One of the widest accepted models for the Moon’s formation states that a renegade, Mars-sized planet, named Theia, slammed into Earth 4.5 billion years ago, and pushed up debris that would eventually coalesce into a satellite. This theory has been able to predict and explain many facts, like the mass of Earth and the Moon, but it also says that most of the lunar-forming debris stemmed from Theia, not proto-Earth. Theia is thought to have originated from a different part of the Solar System, with different elemental isotopes, which conflicts with some of the more sensitive measurements of the past decade showing that rocks from Earth and the Moon have identical isotopic ratios of oxygen, titanium, chromium, and tungsten.

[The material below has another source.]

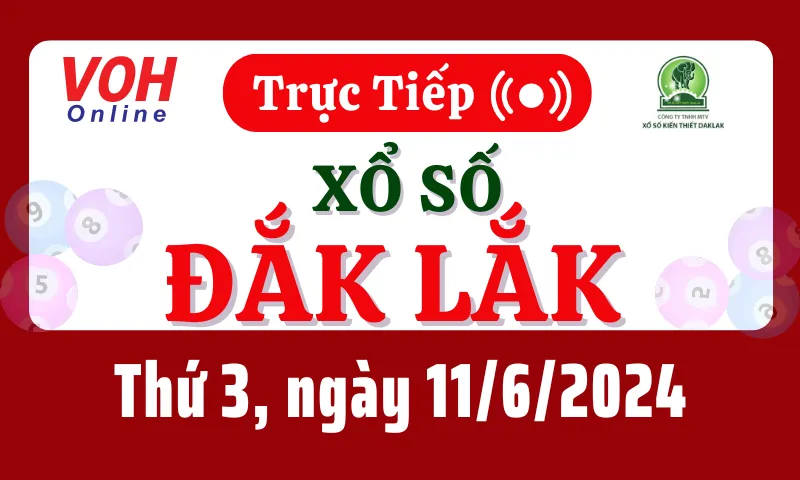 XSDLK 11/6 - Kết quả xổ số Đắk Lắk hôm nay thứ 3 ngày 11/6/2024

Two teams of researchers report that they have solved this chemical quandary and have been able to uphold this lunar origin theory. The two papers predict different sizes for Theia. One paper states that Theia was smaller than Mars, and another says that Theia was four to five times larger than Mars. Both papers were published in the journal Science (1, 2).
These papers show that there is a wide variety of impact scenarios that were possible. The teams assumed that Earth rotated twice as fast as it does now. Gravitational interaction between the Moon and Sol could have drained the spin of a rapidly rotating Earth.
Robin Canup, one of the originators of the Mars-sized impact model, now considers the possibility that proto-Earth with half of Earth’s current mass collided with an impactor of similar mass. The collision would have mixed the isotopic composition of the debris, making the isotopic composition indistinguishable from either body. It would have also revved up Earth’s spin, which could have drained in a similar fashion to the other study.
The gravitational mechanism known as evection resonance appears when the short axis of the Moon’s elliptical orbit around Earth precesses in sync with Earth’s orbit around the Sun. Some of the angular momentum from a rapidly spinning Earth would be transferred to the Moon, which in turn allows the rotational energy to be absorbed by the Sol.
Other theorists believe making alterations to the impactor’s speed and angle of impact, rather than its size, may result in a plausible Moon forming theory.